Exercise directions:
Here is a set of records. Copy them all exactly.

Records from a dataset:
◆ ◆ ◆ ◆ ◆ ◆ ◆
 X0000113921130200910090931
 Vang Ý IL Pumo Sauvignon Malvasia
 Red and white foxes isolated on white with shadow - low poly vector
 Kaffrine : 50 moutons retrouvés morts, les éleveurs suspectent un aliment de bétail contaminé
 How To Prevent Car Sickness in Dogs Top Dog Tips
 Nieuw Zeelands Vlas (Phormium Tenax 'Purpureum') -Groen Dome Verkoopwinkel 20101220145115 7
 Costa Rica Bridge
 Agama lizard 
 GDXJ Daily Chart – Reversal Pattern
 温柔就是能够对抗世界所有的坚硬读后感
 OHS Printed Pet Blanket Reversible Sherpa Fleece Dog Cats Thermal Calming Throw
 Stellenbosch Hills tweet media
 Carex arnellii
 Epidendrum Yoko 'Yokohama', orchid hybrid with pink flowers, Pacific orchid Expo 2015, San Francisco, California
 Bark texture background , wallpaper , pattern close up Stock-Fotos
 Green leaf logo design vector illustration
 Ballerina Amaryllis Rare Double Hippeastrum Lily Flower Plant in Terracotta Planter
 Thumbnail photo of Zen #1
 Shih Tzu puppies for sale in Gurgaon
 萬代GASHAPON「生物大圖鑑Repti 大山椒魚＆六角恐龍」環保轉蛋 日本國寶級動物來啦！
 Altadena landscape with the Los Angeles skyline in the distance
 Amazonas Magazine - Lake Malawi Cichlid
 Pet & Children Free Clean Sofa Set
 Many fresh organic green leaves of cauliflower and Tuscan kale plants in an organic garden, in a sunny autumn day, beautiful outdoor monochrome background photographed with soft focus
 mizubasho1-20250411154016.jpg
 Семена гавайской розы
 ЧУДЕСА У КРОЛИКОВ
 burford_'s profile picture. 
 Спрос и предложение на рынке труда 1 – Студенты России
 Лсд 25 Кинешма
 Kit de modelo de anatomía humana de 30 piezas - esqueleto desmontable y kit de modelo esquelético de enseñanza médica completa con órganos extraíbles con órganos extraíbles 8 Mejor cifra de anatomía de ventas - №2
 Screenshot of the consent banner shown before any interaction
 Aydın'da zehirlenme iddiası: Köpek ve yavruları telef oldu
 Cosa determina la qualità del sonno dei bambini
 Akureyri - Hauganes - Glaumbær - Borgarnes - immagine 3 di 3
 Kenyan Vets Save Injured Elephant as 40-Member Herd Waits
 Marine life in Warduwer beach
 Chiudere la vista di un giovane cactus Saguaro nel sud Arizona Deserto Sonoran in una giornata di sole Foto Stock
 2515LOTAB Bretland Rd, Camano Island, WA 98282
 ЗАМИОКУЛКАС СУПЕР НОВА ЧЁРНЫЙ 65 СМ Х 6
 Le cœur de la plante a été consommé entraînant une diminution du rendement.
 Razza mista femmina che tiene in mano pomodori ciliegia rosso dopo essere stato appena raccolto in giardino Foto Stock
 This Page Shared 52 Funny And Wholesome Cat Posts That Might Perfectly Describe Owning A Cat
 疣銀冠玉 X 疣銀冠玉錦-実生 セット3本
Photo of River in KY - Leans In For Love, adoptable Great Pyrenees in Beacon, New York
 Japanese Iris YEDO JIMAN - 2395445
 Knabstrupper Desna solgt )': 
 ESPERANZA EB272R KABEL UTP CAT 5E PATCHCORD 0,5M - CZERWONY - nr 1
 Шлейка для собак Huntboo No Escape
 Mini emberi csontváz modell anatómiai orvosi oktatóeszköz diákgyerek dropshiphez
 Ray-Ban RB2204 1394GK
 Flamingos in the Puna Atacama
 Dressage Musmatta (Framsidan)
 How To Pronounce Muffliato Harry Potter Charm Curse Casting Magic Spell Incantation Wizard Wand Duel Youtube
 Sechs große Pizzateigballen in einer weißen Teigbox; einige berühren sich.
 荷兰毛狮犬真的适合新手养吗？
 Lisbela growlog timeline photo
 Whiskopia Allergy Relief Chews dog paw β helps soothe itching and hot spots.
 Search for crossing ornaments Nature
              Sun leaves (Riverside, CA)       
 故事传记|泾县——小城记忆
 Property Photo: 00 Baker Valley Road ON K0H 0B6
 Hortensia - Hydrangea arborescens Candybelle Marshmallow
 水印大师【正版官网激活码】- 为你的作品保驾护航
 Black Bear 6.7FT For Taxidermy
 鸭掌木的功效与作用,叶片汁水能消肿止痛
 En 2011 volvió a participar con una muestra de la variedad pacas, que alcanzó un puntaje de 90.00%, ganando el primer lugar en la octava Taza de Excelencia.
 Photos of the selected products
◆ ◆ ◆ ◆ ◆ ◆ ◆
Written answer:
 X0000113921130200910090931
 Vang Ý IL Pumo Sauvignon Malvasia
 Red and white foxes isolated on white with shadow - low poly vector
 Kaffrine : 50 moutons retrouvés morts, les éleveurs suspectent un aliment de bétail contaminé
 How To Prevent Car Sickness in Dogs Top Dog Tips
 Nieuw Zeelands Vlas (Phormium Tenax 'Purpureum') -Groen Dome Verkoopwinkel 20101220145115 7
 Costa Rica Bridge
 Agama lizard 
 GDXJ Daily Chart – Reversal Pattern
 温柔就是能够对抗世界所有的坚硬读后感
 OHS Printed Pet Blanket Reversible Sherpa Fleece Dog Cats Thermal Calming Throw
 Stellenbosch Hills tweet media
 Carex arnellii
 Epidendrum Yoko 'Yokohama', orchid hybrid with pink flowers, Pacific orchid Expo 2015, San Francisco, California
 Bark texture background , wallpaper , pattern close up Stock-Fotos
 Green leaf logo design vector illustration
 Ballerina Amaryllis Rare Double Hippeastrum Lily Flower Plant in Terracotta Planter
 Thumbnail photo of Zen #1
 Shih Tzu puppies for sale in Gurgaon
 萬代GASHAPON「生物大圖鑑Repti 大山椒魚＆六角恐龍」環保轉蛋 日本國寶級動物來啦！
 Altadena landscape with the Los Angeles skyline in the distance
 Amazonas Magazine - Lake Malawi Cichlid
 Pet & Children Free Clean Sofa Set
 Many fresh organic green leaves of cauliflower and Tuscan kale plants in an organic garden, in a sunny autumn day, beautiful outdoor monochrome background photographed with soft focus
 mizubasho1-20250411154016.jpg
 Семена гавайской розы
 ЧУДЕСА У КРОЛИКОВ
 burford_'s profile picture. 
 Спрос и предложение на рынке труда 1 – Студенты России
 Лсд 25 Кинешма
 Kit de modelo de anatomía humana de 30 piezas - esqueleto desmontable y kit de modelo esquelético de enseñanza médica completa con órganos extraíbles con órganos extraíbles 8 Mejor cifra de anatomía de ventas - №2
 Screenshot of the consent banner shown before any interaction
 Aydın'da zehirlenme iddiası: Köpek ve yavruları telef oldu
 Cosa determina la qualità del sonno dei bambini
 Akureyri - Hauganes - Glaumbær - Borgarnes - immagine 3 di 3
 Kenyan Vets Save Injured Elephant as 40-Member Herd Waits
 Marine life in Warduwer beach
 Chiudere la vista di un giovane cactus Saguaro nel sud Arizona Deserto Sonoran in una giornata di sole Foto Stock
 2515LOTAB Bretland Rd, Camano Island, WA 98282
 ЗАМИОКУЛКАС СУПЕР НОВА ЧЁРНЫЙ 65 СМ Х 6
 Le cœur de la plante a été consommé entraînant une diminution du rendement.
 Razza mista femmina che tiene in mano pomodori ciliegia rosso dopo essere stato appena raccolto in giardino Foto Stock
 This Page Shared 52 Funny And Wholesome Cat Posts That Might Perfectly Describe Owning A Cat
 疣銀冠玉 X 疣銀冠玉錦-実生 セット3本
Photo of River in KY - Leans In For Love, adoptable Great Pyrenees in Beacon, New York
 Japanese Iris YEDO JIMAN - 2395445
 Knabstrupper Desna solgt )': 
 ESPERANZA EB272R KABEL UTP CAT 5E PATCHCORD 0,5M - CZERWONY - nr 1
 Шлейка для собак Huntboo No Escape
 Mini emberi csontváz modell anatómiai orvosi oktatóeszköz diákgyerek dropshiphez
 Ray-Ban RB2204 1394GK
 Flamingos in the Puna Atacama
 Dressage Musmatta (Framsidan)
 How To Pronounce Muffliato Harry Potter Charm Curse Casting Magic Spell Incantation Wizard Wand Duel Youtube
 Sechs große Pizzateigballen in einer weißen Teigbox; einige berühren sich.
 荷兰毛狮犬真的适合新手养吗？
 Lisbela growlog timeline photo
 Whiskopia Allergy Relief Chews dog paw β helps soothe itching and hot spots.
 Search for crossing ornaments Nature
              Sun leaves (Riverside, CA)       
 故事传记|泾县——小城记忆
 Property Photo: 00 Baker Valley Road ON K0H 0B6
 Hortensia - Hydrangea arborescens Candybelle Marshmallow
 水印大师【正版官网激活码】- 为你的作品保驾护航
 Black Bear 6.7FT For Taxidermy
 鸭掌木的功效与作用,叶片汁水能消肿止痛
 En 2011 volvió a participar con una muestra de la variedad pacas, que alcanzó un puntaje de 90.00%, ganando el primer lugar en la octava Taza de Excelencia.
 Photos of the selected products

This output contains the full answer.